Re: [PATCH v5 3/3] mm/khugepaged: maintain page cache uptodate flag

From: Song Liu
Date: Wed Mar 29 2023 - 12:54:07 EST




> On Mar 24, 2023, at 6:31 AM, Matthew Wilcox <willy@xxxxxxxxxxxxx> wrote:
>
> On Fri, Mar 24, 2023 at 06:03:37AM +0000, Song Liu wrote:
>>
>>
>>> On Mar 23, 2023, at 8:30 PM, Matthew Wilcox <willy@xxxxxxxxxxxxx> wrote:
>>
>> [...]
>>
>>>
>>> The Uptodate flag check needs to be done by the caller; the
>>> find_get_page() family return !uptodate pages.
>>>
>>> But find_get_page() does not advertise itself as NMI-safe. And I
>>> think it's wrong to try to make it NMI-safe. Most of the kernel is
>>> not NMI-safe. I think it's incumbent on the BPF people to get the
>>> information they need ahead of taking the NMI. NMI handlers are not
>>> supposed to be doing a huge amount of work!

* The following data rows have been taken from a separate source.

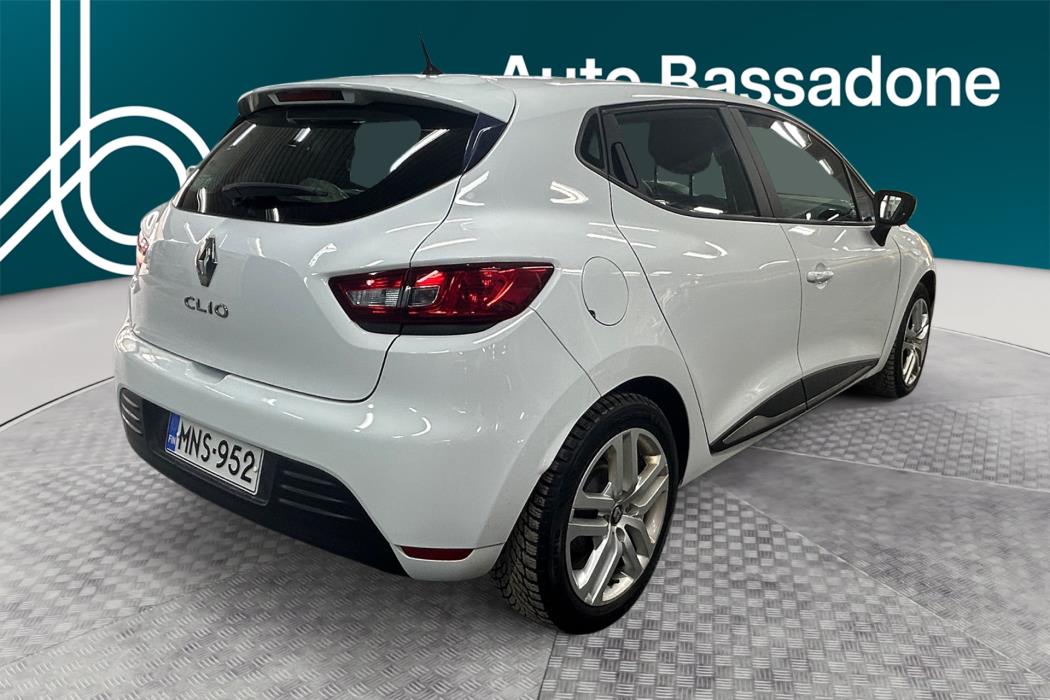 RENAULT Clio 2018
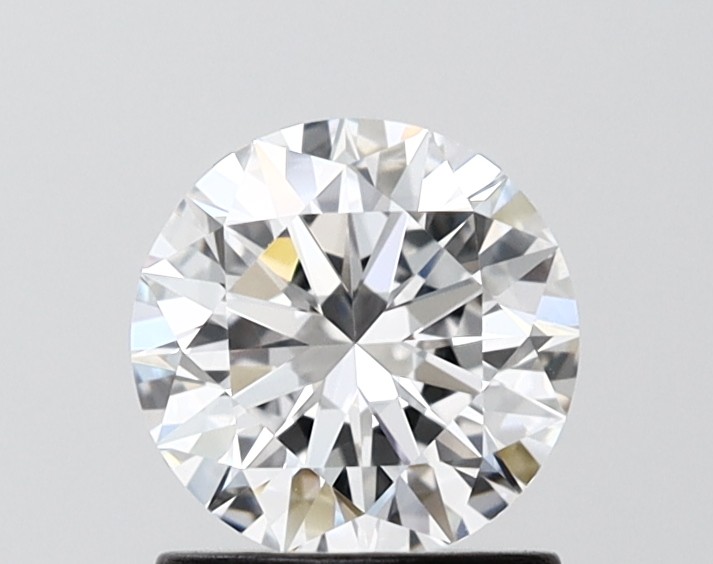 1.07 ct. round Lab Grown Diamond front image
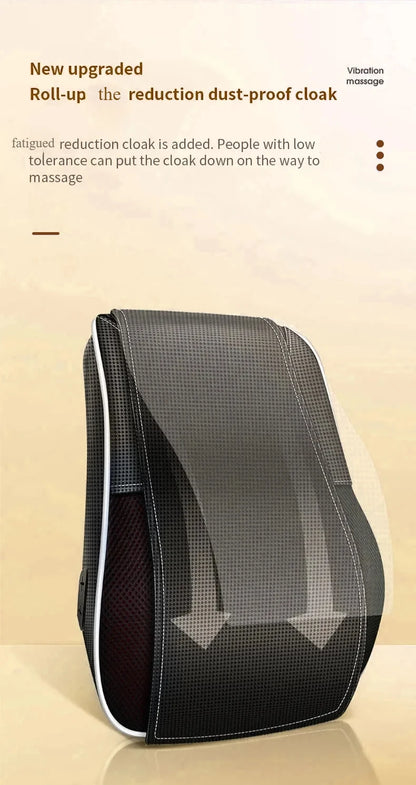Neck and Back Massager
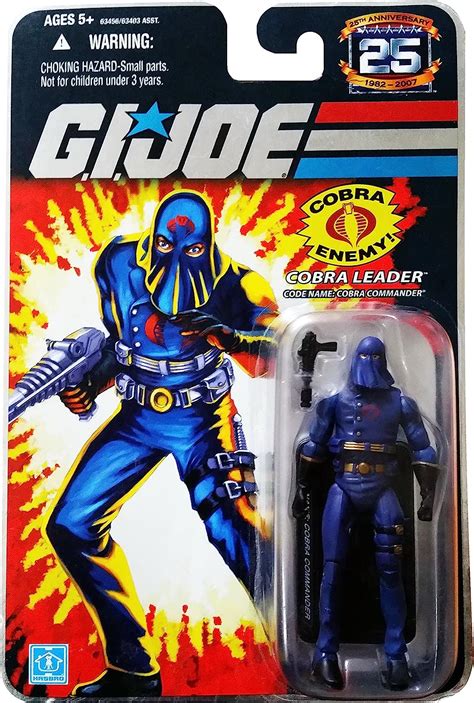 Cobra Commander Action Figure Gallery 9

I don't really understand
>>> why it needs to do work in NMI context; surely it can note the location of
>>> the fault and queue work to be done later (eg on irq-enable, task-switch
>>> or return-to-user)
>>
>> The use case here is a profiler (similar to perf-record). Parsing the
>> build id in side the NMI makes the profiler a lot simpler. Otherwise,
>> we will need some post processing for each sample.
>
> Simpler for you, maybe. But this is an NMI! It's not supposed to
> be doing printf-formatting or whatever, much less poking around
> in the file cache. Like perf, it should record a sample and then
> convert that later. Maybe it can defer to a tasklet, but i think
> scheduling work is a better option.
>
>> OTOH, it is totally fine if build_id_parse() fails some time, say < 5%.
>> The profiler output is still useful in such cases.
>>
>> I guess the next step is to replace find_get_page() with a NMI-safe
>> version?
>
> No, absolutely not. Stop doing so much work in an NMI.

While I understand the concern, it is not something we can easily remove,
as there are users rely on this feature. How about we discuss this at
upcoming LSFMMBPF?

Thanks,
Song